__How to complete this task__: Every single line below has to be printed once more, exactly.
────────────────────
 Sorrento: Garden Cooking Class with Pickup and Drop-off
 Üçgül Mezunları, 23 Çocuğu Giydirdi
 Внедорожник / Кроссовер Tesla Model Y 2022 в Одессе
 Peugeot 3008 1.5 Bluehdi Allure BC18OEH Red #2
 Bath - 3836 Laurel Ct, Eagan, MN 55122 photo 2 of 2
────────────────────
__Output of the task__:
 Sorrento: Garden Cooking Class with Pickup and Drop-off
 Üçgül Mezunları, 23 Çocuğu Giydirdi
 Внедорожник / Кроссовер Tesla Model Y 2022 в Одессе
 Peugeot 3008 1.5 Bluehdi Allure BC18OEH Red #2
 Bath - 3836 Laurel Ct, Eagan, MN 55122 photo 2 of 2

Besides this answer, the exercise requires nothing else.